This town, the whole eastern region of the Avalon Empire, is hiding something.

Christian had spent half a day secretly observing the hamlet. No one would be able to find him except the Imperial wizards and the Tower wizards.

But more importantly, this eerie stillness was grating on his nerves…

The town was completely abandoned. The Imperial family had done little beyond deploying wizards and announcing it to the public, even though it had happened in the center of their territory.

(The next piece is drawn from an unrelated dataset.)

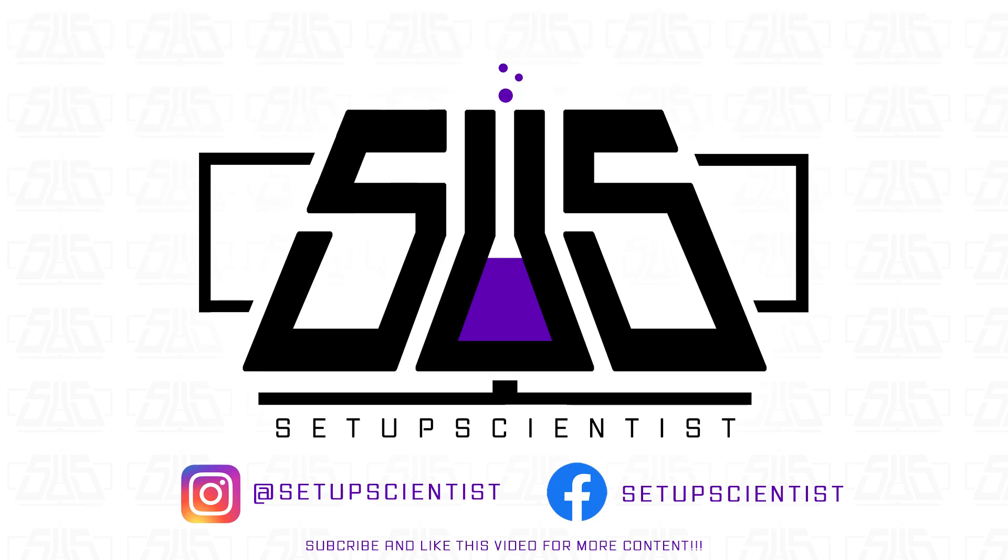Hey guys, welcome to the Setup Sciences channel. My name is Chris and today I am going to be building a $500 budget gaming computer. Let's get right into it.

“If a lich is here, as High Priest Herald’s revelation said, and the Empire knows this but hides it…” Christian clenched his fists.

Lich, as well as lesser undead and warlocks, were the continent’s greatest problems. In other words, ignoring them was grounds for the other countries to band together to punish Avalon. It might even grow into a continent-wide war.

I need to be vigilant.

“For the time being, I need to prioritize fact-finding. I can’t just walk around another nation’s territory as I please.”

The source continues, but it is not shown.